The causes of maternal mortality and morbidity are no mystery. Women die and suffer debilitating disease and injury during pregnancy and childbirth because they bleed to death, acquire infections, have underlying but treatable health conditions, or obtain unsafe abortions.
The keys to improving maternal health are equally clear. Family planning information and services must be available and affordable to girls, adolescents, and women without discrimination or stigma. Pregnant women must have timely access to quality, respectful care before, during, and after childbirth. Abortions must be made safe and legal, and post-abortion care must be fully integrated into health systems. When women’s roles and contributions are valued, and their rights are recognized, maternal health programming and services will receive significant and enduring benefits.

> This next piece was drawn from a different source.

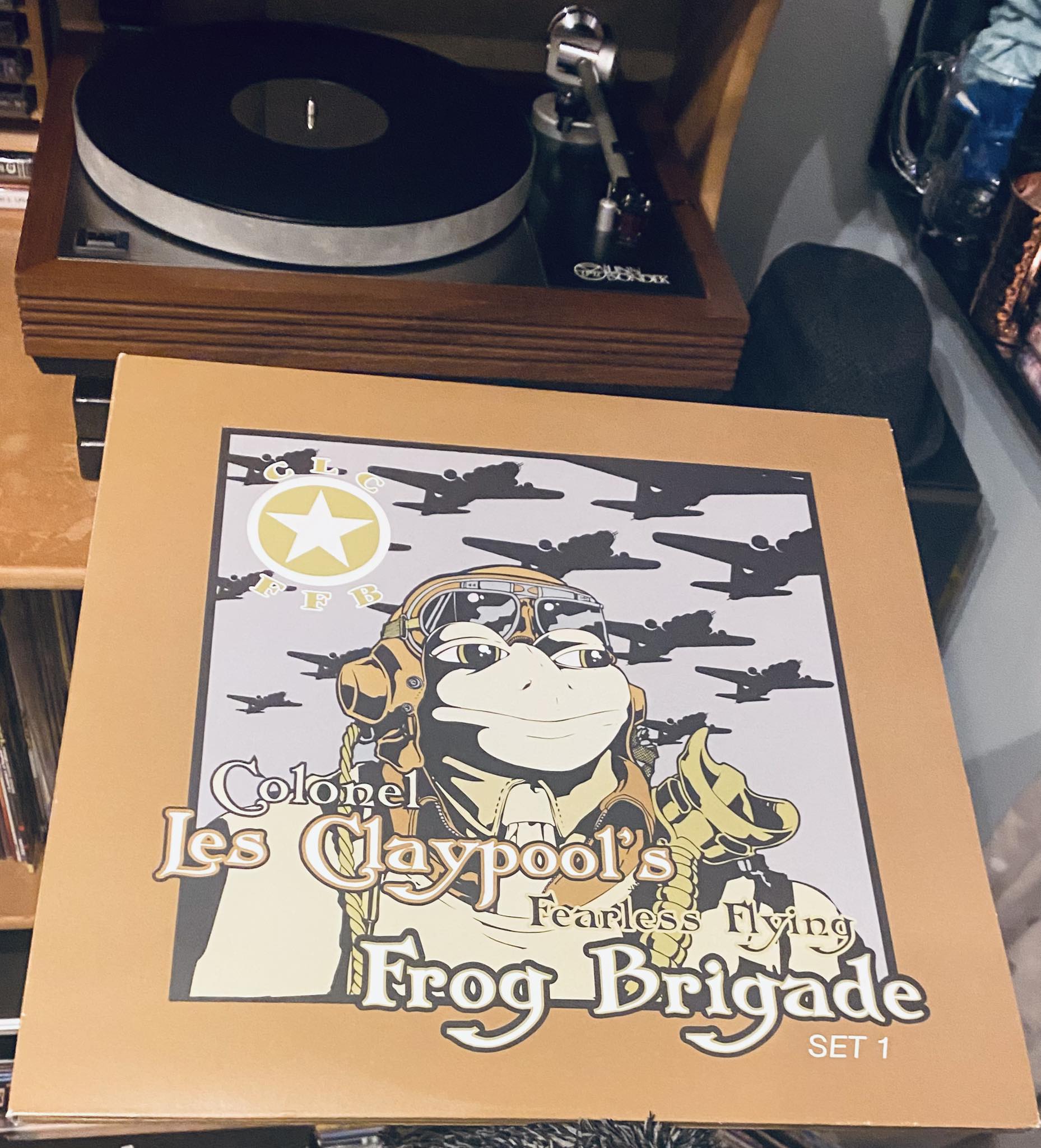 Colonel Les Claypool's Fearless Flying Frog Brigade's Purple Onion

Although valuable data about maternal health is being produced, and increasingly is being used to drive policy decisions, there has been a tendency to focus attention too narrowly on the perinatal period and the obstetric causes of death rather than on the social, political, and legal environments that endanger women’s health. This report examines the upstream threats to women and girls: the obstacles to accessing proper care and the structures that keep women from exercising their rights.
While the international community has prioritized maternal health through its Call to Action for ending preventable child, maternal, and newborn deaths, and the United States Agency for International Development (USAID) has issued a Vision for Action that recognizes many of the key barriers to progress, there has been little consideration of the donor systems and policies that undermine and contradict program goals. We hope this report will open a conversation about how those systems and policies can be strengthened.
This report is based on a review of published literature, accompanied by candid, not-for-attribution interviews with policymakers and practitioners from the U.S. government, non-profit partners, and advocacy organizations. Based on these interviews and studies, CHANGE identifies six policy challenges requiring attention from Congress and the Administration.
Improvements in U.S. policy and programming will not solve all the problems that make pregnancy and childbirth so dangerous for women around the world. However, they will ensure that U.S. resources are targeted effectively and used efficiently to empower women to seek and receive the care they need.